*THE TASK*:
Would you repeat exactly the part of the listing below that runs from the line containing "SLX MOLDING (SIDE - ROOF)" down to the line containing "concept: 178207476 Hand", inclusive, and nothing else?

*TASK MATERIAL*:

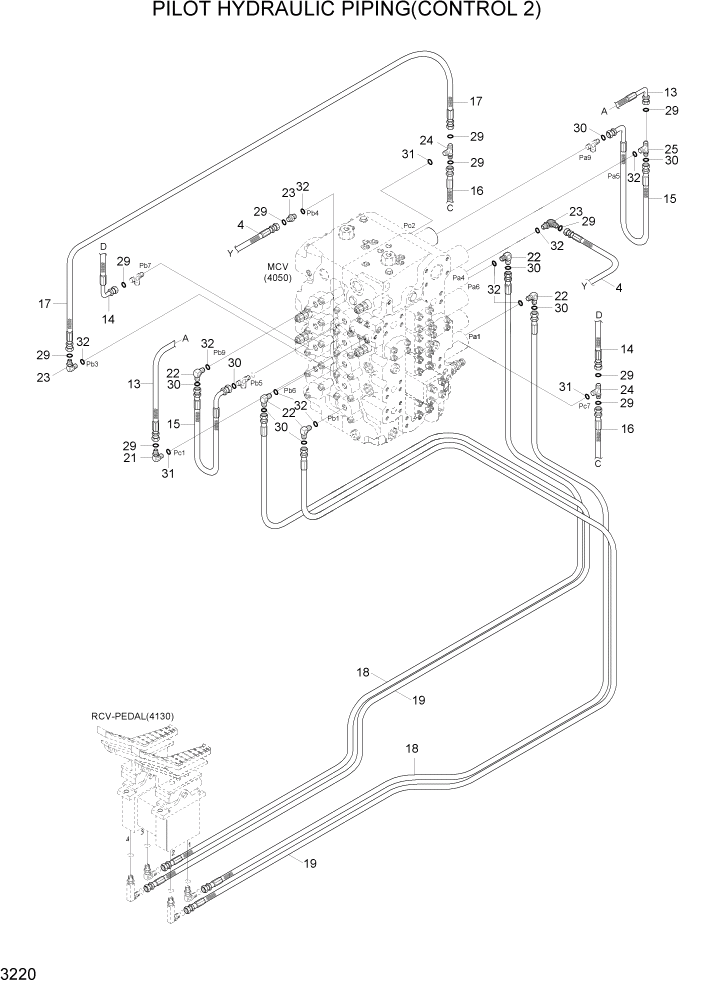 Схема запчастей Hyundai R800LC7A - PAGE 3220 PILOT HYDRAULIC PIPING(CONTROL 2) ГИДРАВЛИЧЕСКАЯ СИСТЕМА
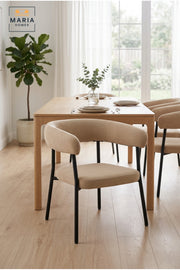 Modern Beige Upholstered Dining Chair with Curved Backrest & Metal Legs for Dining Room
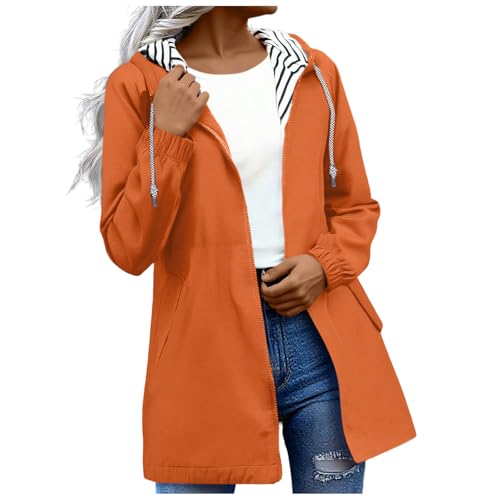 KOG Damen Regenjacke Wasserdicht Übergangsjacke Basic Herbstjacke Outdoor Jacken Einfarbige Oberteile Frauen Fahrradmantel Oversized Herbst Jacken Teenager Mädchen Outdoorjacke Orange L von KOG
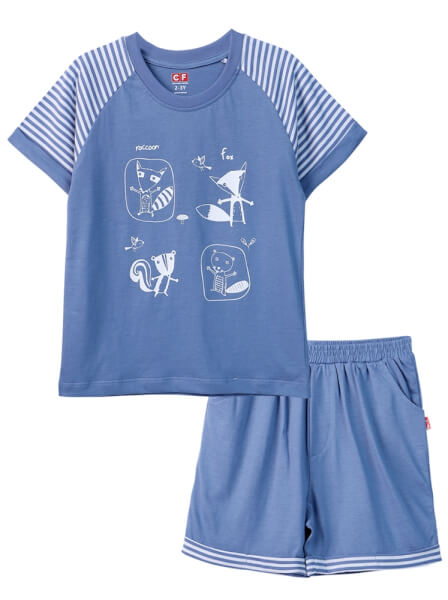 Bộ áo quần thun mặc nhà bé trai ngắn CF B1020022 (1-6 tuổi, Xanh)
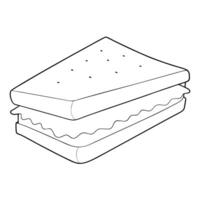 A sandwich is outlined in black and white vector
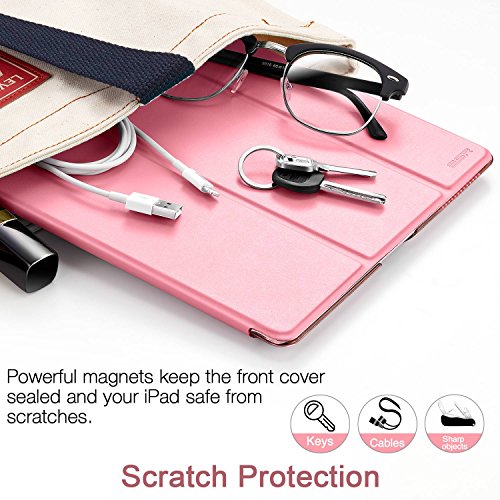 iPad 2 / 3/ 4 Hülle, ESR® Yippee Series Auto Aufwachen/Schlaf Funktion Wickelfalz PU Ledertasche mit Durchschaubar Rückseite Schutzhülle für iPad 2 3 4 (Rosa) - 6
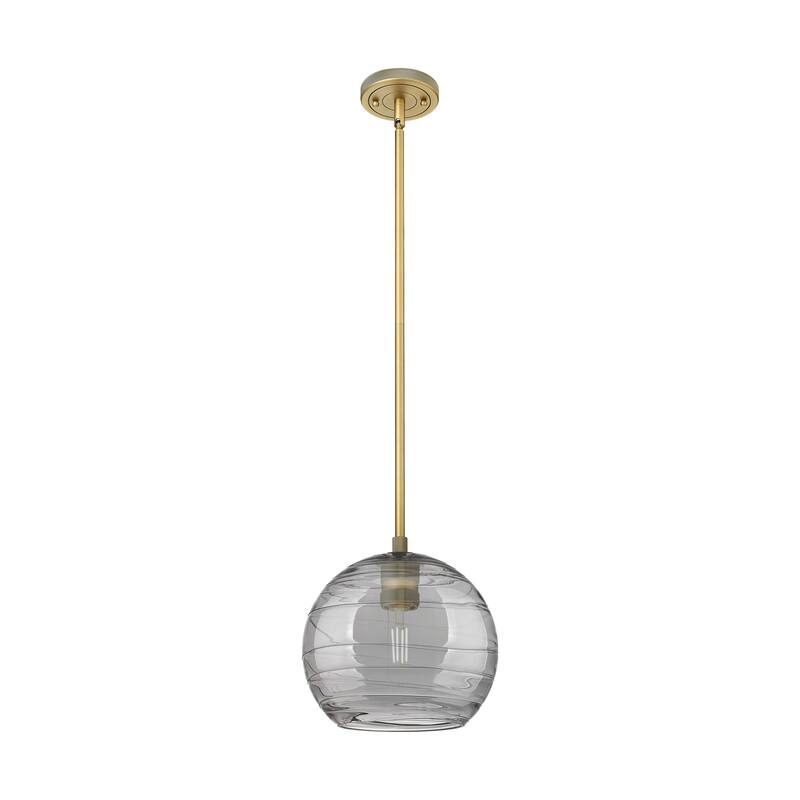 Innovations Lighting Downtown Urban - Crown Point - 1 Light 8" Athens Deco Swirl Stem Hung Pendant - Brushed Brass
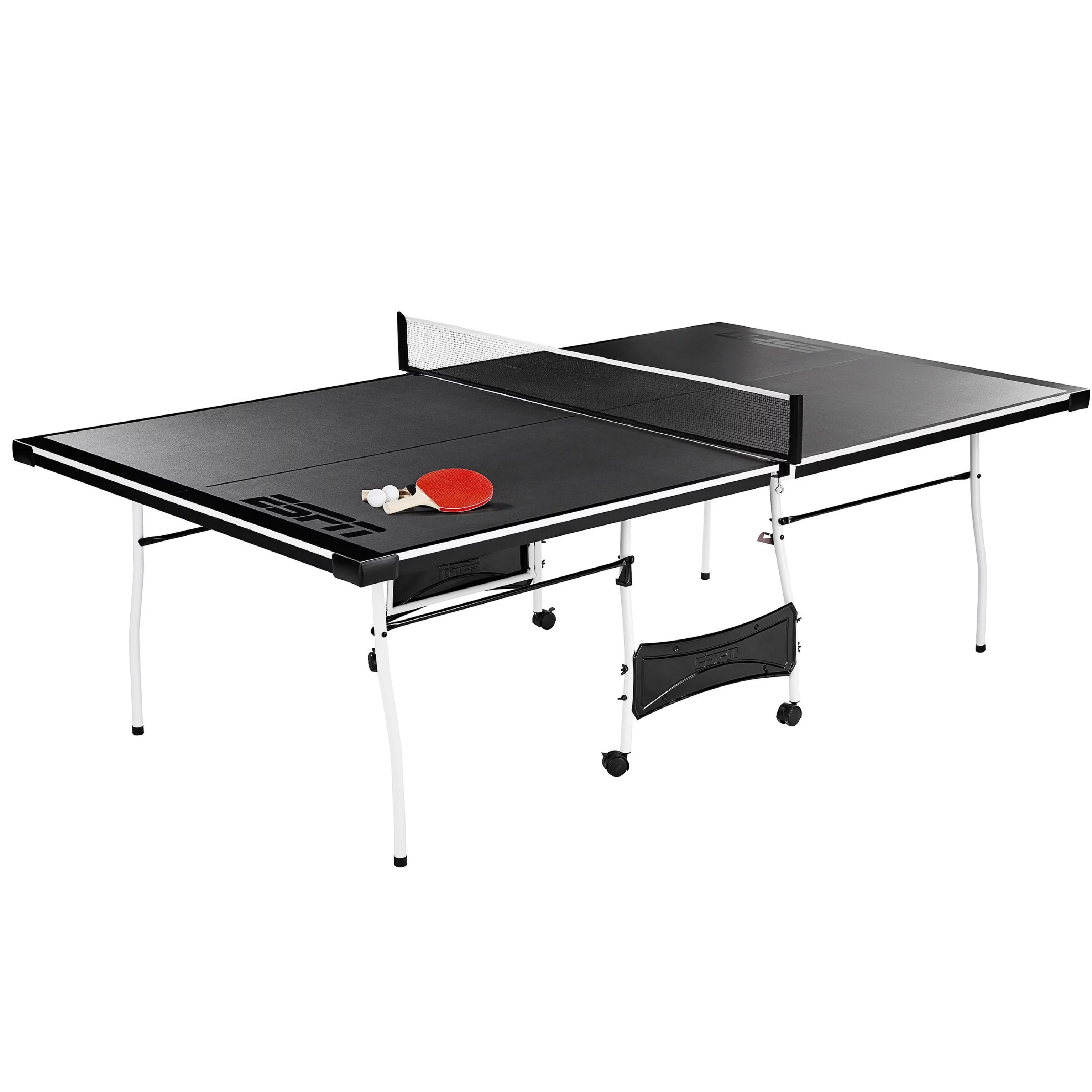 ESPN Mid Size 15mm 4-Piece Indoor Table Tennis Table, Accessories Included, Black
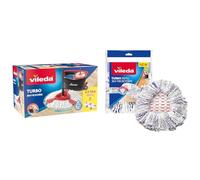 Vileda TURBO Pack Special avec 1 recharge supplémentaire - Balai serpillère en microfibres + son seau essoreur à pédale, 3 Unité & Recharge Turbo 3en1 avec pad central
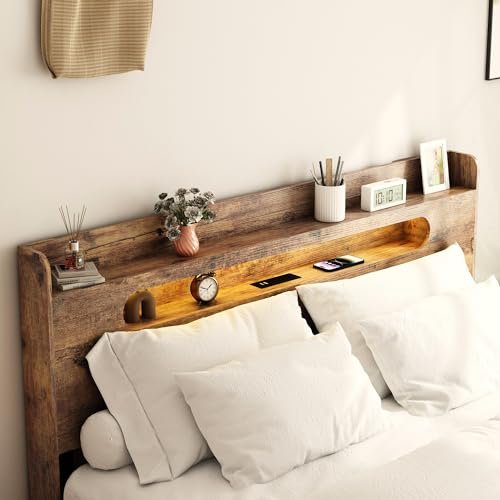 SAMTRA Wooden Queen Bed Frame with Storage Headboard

---

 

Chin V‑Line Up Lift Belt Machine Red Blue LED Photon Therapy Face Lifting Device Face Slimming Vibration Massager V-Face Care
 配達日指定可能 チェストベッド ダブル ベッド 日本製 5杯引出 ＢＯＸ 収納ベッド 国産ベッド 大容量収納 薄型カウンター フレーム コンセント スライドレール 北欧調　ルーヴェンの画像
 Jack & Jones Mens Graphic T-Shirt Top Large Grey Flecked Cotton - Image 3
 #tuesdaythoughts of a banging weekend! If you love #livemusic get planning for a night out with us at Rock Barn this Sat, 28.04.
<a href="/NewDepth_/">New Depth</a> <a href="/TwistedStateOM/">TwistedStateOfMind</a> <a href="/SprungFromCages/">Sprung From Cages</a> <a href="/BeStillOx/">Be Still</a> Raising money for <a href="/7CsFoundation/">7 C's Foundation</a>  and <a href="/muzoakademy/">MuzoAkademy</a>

--

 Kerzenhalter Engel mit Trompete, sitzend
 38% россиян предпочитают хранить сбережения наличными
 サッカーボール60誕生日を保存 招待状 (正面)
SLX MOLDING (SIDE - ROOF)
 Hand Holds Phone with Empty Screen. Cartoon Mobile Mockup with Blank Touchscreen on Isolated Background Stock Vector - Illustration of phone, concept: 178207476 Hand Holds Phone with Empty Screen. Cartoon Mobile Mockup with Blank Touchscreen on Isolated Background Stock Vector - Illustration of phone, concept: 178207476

*EXERCISE OUTPUT*:
SLX MOLDING (SIDE - ROOF)
 Hand Holds Phone with Empty Screen. Cartoon Mobile Mockup with Blank Touchscreen on Isolated Background Stock Vector - Illustration of phone, concept: 178207476 Hand Holds Phone with Empty Screen. Cartoon Mobile Mockup with Blank Touchscreen on Isolated Background Stock Vector - Illustration of phone, concept: 178207476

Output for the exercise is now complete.